Any matched patterns will be added to a list that stores all the
skills for the given string 120 (and/or bullet point). The reason
to have a separate list of customized skills is they are common but
people often use different phrases to express the same skill. With
regular expression, more possible variations can be captured than
just using plain string matching.
[0032] At (304), the computing device(s) 110 can process one or
more of the string(s) 120 based, at least in part, on the
vocabulary (e.g., of database 128). For instance, the computing
device(s) 110 can access data indicative of a vocabulary (e.g.,
stored within database 128) that comprises a plurality of terms
related to a plurality of job skills, as described herein. The
computing device(s) 110 can compare one or more of the string(s)
120 (e.g., text strings) to the vocabulary. The computing device(s)
110 can determine one or more skill(s) based, at least in part, on
the comparison of one or more of the strings 120 (e.g., text
strings) to the vocabulary.
[0033] For example, the computing device(s) 110 can conduct a
comprehensive search for any exact match between n-grams in the
string(s) 120 and skill terms/phrases in the controlled vocabulary
(e.g., of database 118). The candidate n-grams in the string(s) 120
(e.g., bullet points) can include n-grams (e.g., n from 1 to 5
inclusively), two-gram skip one gram, three-gram skip one gram,
etc. These can be selected to avoid including skip-grams that
introduce too much random noise. Additionally, or alternatively,
whenever keyword skills or certifications are identified, all the
tokens in the string(s) 120 (e.g., in a bullet point) are searched
against the pre-generated lists of skills and certifications. Every
skill term/phrase in the vocabulary can have an identifier.
Accordingly, the computing device(s) 110 can assign such an
identifier to each of the skill(s) extracted in this step of method
300. Each identifier can represent a skill entity, making it easier
and more efficient for the computing system 104 to organize and
track the skill(s) from each job.
[0034] In some implementations, at (306), the computing device(s)

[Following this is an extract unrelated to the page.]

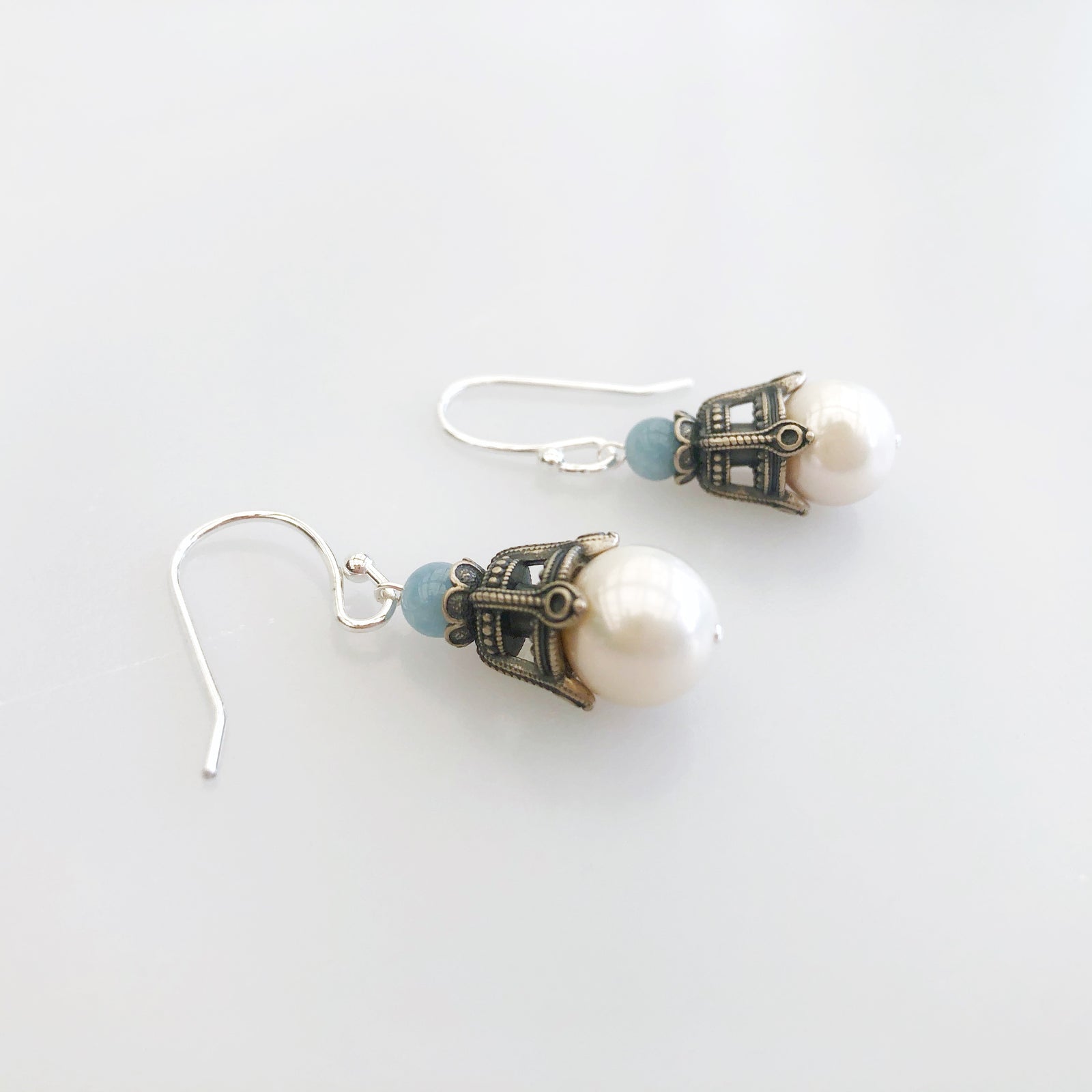 Divine Vase Pearl Earrings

110 can parse one or more of the string(s) 120 to identify one or
more potential skill(s). This can be done, for example, to any of
the string(s) 120 for which a skill has not been extracted through
another process (e.g., at (302), at (304)). In some
implementations, this can be performed on a string 120 in addition
to, or alternatively, from the processes of (302), (304). The
computing device(s) 110 can determine a confidence score 308 (e.g.,
shown in FIG. 1) associated with a potential skill. The confidence
score 308 can be indicative of the likelihood that the potential
skill is at least one of the skill(s) associated with the job. The
computing device(s) 110 can identify the potential skill as at
least one of the skill(s) associated with the job when the
confidence score 308 exceeds a confidence score threshold 310
(e.g., the minimum confidence level necessary to consider a
potential skill a skill associated with the job).
[0035] For example, the computing device(s) 110 can use a semantic
parser together with a list of anchor terms to identify potential
skills (e.g., skill snippets). The semantic parser can perform part
of speech tagging and build a parsing tree which shows the
hierarchy of the tokens in a string 120. An anchor term can
indicate that there might be a skill somewhere nearby, and the
parsing tree can indicate exactly where the skill is relative to
one or more anchor term(s). Therefore, by using the parsing tree
with a list of pre-defined anchor terms, the computing device(s)
110 can locate the potential skills (e.g., skill snippets).
[0036] The computing device(s) 110 can utilize various types of
anchor term(s). For instance, the anchor term(s) can include at
least one of a leading anchor, trailing anchor, and skill stopword.
Leading anchor terms can include the terms/phrases that often
appear in front of a skill, such as for example, "able to,"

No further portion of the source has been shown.